---------- RECORDS SUPPLIED
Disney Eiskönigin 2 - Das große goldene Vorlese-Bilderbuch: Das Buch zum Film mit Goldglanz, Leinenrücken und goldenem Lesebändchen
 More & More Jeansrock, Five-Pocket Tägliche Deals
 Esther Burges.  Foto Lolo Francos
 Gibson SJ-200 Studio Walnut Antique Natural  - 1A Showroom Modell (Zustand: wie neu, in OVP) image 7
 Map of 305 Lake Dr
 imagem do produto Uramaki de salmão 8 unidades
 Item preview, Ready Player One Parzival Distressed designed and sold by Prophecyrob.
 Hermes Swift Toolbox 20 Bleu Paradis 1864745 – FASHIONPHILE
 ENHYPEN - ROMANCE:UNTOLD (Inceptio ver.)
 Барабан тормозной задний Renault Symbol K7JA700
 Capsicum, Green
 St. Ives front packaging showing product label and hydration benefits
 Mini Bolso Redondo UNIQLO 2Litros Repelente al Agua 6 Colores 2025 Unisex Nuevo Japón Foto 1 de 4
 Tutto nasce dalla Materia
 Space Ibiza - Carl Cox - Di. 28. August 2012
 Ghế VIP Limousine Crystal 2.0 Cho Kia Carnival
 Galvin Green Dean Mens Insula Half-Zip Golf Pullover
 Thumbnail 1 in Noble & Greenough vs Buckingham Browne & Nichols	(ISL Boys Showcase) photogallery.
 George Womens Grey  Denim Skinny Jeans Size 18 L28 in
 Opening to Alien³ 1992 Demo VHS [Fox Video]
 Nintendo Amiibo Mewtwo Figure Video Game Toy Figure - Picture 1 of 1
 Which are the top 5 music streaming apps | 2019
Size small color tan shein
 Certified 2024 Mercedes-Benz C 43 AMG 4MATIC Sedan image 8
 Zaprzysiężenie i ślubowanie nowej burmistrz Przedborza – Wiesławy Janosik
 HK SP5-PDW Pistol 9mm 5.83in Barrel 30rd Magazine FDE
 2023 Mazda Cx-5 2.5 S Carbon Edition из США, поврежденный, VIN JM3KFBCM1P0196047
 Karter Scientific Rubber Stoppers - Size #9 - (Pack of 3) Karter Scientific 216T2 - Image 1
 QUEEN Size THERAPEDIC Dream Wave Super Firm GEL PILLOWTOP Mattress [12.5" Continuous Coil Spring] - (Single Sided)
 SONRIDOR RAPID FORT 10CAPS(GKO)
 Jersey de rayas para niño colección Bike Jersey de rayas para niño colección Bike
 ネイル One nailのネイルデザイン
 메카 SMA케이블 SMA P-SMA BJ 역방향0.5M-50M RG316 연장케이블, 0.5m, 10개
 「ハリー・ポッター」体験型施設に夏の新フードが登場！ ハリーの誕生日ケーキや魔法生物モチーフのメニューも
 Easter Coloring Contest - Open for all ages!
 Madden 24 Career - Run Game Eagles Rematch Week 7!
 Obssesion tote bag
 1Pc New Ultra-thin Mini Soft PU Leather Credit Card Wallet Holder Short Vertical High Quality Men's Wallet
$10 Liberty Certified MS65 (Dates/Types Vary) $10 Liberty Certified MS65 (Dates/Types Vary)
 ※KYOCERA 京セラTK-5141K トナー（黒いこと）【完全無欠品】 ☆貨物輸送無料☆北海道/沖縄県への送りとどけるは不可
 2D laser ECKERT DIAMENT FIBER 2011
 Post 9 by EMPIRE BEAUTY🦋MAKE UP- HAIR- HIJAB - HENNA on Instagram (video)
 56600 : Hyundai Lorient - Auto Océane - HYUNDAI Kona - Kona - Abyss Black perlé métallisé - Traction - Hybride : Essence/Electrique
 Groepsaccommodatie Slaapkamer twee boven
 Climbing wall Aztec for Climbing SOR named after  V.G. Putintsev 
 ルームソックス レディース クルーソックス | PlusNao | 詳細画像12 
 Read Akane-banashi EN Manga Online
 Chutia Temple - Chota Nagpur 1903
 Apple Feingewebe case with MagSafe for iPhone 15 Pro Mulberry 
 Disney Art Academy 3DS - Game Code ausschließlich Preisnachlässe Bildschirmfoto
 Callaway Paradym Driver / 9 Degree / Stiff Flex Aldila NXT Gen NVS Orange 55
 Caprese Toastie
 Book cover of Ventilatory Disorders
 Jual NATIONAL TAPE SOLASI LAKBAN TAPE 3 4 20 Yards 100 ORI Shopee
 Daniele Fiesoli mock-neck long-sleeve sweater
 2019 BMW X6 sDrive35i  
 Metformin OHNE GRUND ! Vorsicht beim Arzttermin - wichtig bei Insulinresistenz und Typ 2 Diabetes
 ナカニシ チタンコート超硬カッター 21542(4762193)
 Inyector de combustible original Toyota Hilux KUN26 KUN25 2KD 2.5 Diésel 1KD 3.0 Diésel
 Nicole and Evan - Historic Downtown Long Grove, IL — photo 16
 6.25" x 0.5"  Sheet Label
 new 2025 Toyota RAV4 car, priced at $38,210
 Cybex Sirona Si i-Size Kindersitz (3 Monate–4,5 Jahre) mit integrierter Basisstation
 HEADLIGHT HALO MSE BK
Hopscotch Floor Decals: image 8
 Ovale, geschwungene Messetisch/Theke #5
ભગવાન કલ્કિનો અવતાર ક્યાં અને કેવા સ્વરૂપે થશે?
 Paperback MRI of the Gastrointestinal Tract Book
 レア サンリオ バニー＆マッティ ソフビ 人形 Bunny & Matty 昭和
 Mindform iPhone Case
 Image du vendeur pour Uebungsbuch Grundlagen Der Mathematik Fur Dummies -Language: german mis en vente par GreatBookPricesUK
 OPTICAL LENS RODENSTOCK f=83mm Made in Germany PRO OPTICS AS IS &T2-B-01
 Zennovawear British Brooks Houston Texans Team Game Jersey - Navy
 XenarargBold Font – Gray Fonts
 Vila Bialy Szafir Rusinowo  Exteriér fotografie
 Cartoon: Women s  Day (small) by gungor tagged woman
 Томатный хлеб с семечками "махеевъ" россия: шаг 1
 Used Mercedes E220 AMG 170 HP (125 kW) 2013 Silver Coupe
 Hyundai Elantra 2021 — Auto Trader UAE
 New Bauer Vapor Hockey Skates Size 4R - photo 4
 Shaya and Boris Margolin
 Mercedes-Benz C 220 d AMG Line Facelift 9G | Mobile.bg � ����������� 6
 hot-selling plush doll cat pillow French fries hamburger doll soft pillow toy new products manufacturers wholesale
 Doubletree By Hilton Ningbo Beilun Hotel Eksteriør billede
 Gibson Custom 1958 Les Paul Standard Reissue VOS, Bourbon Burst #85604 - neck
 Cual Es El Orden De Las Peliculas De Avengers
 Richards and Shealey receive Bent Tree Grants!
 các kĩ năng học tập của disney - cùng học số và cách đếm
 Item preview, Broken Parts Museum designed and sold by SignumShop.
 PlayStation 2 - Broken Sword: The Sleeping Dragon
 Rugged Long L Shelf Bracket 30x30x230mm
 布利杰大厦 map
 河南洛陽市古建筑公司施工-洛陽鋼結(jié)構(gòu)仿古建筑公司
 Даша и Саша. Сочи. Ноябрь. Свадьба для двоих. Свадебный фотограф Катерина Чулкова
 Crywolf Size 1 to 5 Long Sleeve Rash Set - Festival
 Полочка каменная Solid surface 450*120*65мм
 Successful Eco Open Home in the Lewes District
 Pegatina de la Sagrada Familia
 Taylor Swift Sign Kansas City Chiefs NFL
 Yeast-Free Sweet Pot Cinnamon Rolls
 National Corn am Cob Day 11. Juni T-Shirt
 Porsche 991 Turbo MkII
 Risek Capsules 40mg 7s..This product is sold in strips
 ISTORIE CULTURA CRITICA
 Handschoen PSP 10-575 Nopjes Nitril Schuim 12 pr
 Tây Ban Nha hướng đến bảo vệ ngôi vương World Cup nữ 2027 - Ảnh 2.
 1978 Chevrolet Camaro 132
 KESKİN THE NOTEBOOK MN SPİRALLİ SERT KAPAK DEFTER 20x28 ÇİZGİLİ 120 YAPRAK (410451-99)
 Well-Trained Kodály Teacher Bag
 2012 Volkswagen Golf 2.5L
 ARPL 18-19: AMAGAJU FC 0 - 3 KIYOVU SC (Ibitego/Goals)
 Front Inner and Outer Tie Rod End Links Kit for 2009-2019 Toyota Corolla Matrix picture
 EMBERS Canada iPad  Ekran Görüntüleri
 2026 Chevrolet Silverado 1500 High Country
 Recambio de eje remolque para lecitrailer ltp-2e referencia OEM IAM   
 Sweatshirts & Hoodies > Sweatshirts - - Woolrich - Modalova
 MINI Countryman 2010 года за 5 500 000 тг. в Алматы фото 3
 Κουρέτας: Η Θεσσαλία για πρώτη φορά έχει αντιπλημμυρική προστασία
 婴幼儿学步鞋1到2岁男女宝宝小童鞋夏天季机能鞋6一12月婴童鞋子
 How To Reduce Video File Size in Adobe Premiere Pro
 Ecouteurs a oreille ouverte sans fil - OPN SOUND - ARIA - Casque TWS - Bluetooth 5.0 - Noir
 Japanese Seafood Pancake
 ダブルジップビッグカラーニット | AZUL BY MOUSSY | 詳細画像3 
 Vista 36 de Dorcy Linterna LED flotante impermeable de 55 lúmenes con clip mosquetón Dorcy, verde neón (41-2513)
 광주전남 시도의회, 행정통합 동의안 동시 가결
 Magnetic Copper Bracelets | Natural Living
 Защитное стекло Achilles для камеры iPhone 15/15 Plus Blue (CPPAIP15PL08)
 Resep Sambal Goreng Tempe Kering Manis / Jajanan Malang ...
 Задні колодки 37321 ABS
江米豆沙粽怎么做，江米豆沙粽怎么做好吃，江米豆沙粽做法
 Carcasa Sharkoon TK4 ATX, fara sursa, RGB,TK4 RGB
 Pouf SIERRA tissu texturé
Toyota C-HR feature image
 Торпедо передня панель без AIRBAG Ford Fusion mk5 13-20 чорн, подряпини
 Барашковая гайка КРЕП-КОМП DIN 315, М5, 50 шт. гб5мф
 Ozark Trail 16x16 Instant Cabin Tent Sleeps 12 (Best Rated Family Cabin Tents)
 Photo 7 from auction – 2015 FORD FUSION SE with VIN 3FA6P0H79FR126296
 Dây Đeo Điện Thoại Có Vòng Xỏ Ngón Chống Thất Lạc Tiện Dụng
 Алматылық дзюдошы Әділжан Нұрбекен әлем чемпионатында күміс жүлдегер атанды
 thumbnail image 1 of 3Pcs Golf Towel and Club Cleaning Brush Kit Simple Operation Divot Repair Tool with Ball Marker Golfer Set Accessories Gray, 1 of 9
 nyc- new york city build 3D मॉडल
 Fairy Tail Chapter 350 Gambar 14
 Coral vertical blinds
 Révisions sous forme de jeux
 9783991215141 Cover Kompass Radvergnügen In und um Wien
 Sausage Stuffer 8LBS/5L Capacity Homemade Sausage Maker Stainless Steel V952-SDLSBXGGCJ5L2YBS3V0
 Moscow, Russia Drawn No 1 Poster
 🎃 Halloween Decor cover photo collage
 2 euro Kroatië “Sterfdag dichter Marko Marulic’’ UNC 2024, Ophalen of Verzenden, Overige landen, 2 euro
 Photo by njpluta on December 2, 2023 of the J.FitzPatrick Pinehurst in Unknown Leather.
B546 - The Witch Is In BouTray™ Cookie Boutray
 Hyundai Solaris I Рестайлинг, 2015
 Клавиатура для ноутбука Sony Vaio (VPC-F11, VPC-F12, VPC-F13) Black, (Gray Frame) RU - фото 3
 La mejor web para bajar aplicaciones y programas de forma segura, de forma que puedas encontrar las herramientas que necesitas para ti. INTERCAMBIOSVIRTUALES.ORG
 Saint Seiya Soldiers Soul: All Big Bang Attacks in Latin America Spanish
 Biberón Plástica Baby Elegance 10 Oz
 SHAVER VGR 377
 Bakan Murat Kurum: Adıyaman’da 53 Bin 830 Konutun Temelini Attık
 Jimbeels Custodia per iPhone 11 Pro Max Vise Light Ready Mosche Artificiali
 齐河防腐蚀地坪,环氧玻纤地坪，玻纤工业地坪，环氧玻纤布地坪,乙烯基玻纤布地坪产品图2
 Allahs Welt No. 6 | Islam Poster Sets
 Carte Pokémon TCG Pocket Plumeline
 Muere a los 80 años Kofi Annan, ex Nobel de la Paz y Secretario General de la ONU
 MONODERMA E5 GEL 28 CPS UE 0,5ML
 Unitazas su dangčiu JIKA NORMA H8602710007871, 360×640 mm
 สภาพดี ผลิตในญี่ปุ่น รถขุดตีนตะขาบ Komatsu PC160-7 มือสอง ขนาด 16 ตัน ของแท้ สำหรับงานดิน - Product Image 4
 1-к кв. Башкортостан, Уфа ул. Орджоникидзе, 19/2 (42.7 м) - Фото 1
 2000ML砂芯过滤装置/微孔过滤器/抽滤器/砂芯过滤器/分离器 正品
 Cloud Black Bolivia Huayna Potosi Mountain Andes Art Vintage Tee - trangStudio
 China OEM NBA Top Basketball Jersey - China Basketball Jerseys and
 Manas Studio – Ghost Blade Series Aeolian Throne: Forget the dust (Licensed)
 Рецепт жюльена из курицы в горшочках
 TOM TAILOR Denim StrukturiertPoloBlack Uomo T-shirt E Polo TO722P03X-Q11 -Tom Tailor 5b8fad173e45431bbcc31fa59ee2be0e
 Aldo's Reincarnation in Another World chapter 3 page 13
--------------------
TASK BRIEF: For this exercise, output exactly the lines above from the line with "Successful Eco Open" to the line with "ダブルジップビッグカラーニット | AZUL BY MOUSSY | 詳細画像3", counting both, and leave out the rest.

WRITTEN ANSWER:
 Successful Eco Open Home in the Lewes District
 Pegatina de la Sagrada Familia
 Taylor Swift Sign Kansas City Chiefs NFL
 Yeast-Free Sweet Pot Cinnamon Rolls
 National Corn am Cob Day 11. Juni T-Shirt
 Porsche 991 Turbo MkII
 Risek Capsules 40mg 7s..This product is sold in strips
 ISTORIE CULTURA CRITICA
 Handschoen PSP 10-575 Nopjes Nitril Schuim 12 pr
 Tây Ban Nha hướng đến bảo vệ ngôi vương World Cup nữ 2027 - Ảnh 2.
 1978 Chevrolet Camaro 132
 KESKİN THE NOTEBOOK MN SPİRALLİ SERT KAPAK DEFTER 20x28 ÇİZGİLİ 120 YAPRAK (410451-99)
 Well-Trained Kodály Teacher Bag
 2012 Volkswagen Golf 2.5L
 ARPL 18-19: AMAGAJU FC 0 - 3 KIYOVU SC (Ibitego/Goals)
 Front Inner and Outer Tie Rod End Links Kit for 2009-2019 Toyota Corolla Matrix picture
 EMBERS Canada iPad  Ekran Görüntüleri
 2026 Chevrolet Silverado 1500 High Country
 Recambio de eje remolque para lecitrailer ltp-2e referencia OEM IAM   
 Sweatshirts & Hoodies > Sweatshirts - - Woolrich - Modalova
 MINI Countryman 2010 года за 5 500 000 тг. в Алматы фото 3
 Κουρέτας: Η Θεσσαλία για πρώτη φορά έχει αντιπλημμυρική προστασία
 婴幼儿学步鞋1到2岁男女宝宝小童鞋夏天季机能鞋6一12月婴童鞋子
 How To Reduce Video File Size in Adobe Premiere Pro
 Ecouteurs a oreille ouverte sans fil - OPN SOUND - ARIA - Casque TWS - Bluetooth 5.0 - Noir
 Japanese Seafood Pancake
 ダブルジップビッグカラーニット | AZUL BY MOUSSY | 詳細画像3 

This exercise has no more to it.